An electrical unit, along with the battery module, can be supported through a lower case 120 at the lower end of the battery pack 100 while the upper end of the battery pack 100 can be covered by an upper case 110.

A member-shaped side surface member 130 can be fixed to the top surface of the lower case 120 and the upper case 110 can be fixed to the upper end of the side surface member 130, sealing off the front, rear, left, and right ends of the battery pack 100 so that the battery pack 100 having a sealed structure can be secured.

Such a battery pack 100 can be mounted and removed on the chassis frame 800 that forms a vehicle body.

Side members 810 can be provided on the right and left sides of the vehicle body, and transverse members 820 can be connected between the right and left side members 810.

The transverse members 820 can be located at selected or predetermined intervals in the length direction of the side members 810 and the battery pack 100 can be removably coupled to a rectangular battery mounting area (a) formed between the right and left side members 810 and the front and rear transverse members 820 so that the battery pack 100 may be replaced.

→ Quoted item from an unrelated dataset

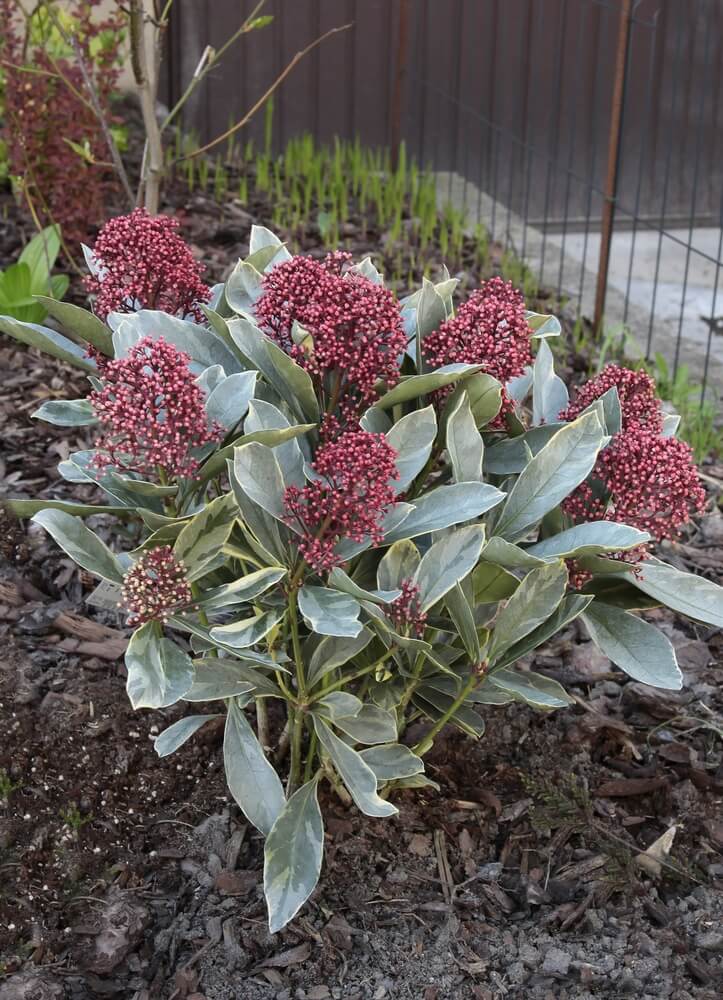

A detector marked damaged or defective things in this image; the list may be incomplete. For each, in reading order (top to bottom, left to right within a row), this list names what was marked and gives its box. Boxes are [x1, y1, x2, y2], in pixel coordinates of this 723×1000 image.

rusty metal post [394, 0, 410, 168]
rusty metal post [592, 0, 632, 336]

Specifically, a pin-shaped fastening portion can protrude upward from the side surface members 130 positioned at the front and rear ends of the battery pack 100.

A groove-shaped fastening groove portion can be formed at a position on the underside of the transverse member 820, facing the mounting portion so that the battery pack 100 may be mounted and removed on the transverse member 820.

At least one battery mounting area (a) can be formed in the front-rear direction of the vehicle, with each battery mounting area (a) accommodating a battery pack 100.

However, even when battery packs 100 are mounted in all battery mounting areas (a), a gap (g) can be formed between the battery packs 100a, 100b, allowing the potential entry of foreign matters from outside through the gap (g).

To prevent the entry of foreign matters, as illustrated in FIGS. 3 to 5, the cover bracket 200 can be fixed to the rear end side surface member 130 formed in the front battery pack 100a, facing the rear battery pack 100b. The cover bracket 200, configured in an ‘L’ shape, can include a vertical portion fixed to the side surface member 130 in the vertical direction and a horizontal portion can be extending toward the rear battery pack 100b in the horizontal direction.

A connection bracket 300a can be fixed to the front end side surface member 130 formed in the rear battery pack 100b, facing the front battery pack 100a. The connection bracket 300a, configured in an ‘L’ shape, can feature a vertical portion fixed to the side surface member 130 in the vertical direction and a horizontal portion extending toward the front battery pack 100a in the horizontal direction.

In particular, the top surface of the undercover 300 can be formed in a plate shape and can be fixed to the underside of the horizontal portion of the connection bracket 300a.

The undercover 300 can be formed to face the front battery pack 100a, overlapping the underside of the cover bracket 200 fixed to the front battery pack 100a.

Thus, the gap (g) formed between the front battery pack 100a and the rear battery pack 100b can be automatically sealed off by the undercover 300 during battery pack mounting.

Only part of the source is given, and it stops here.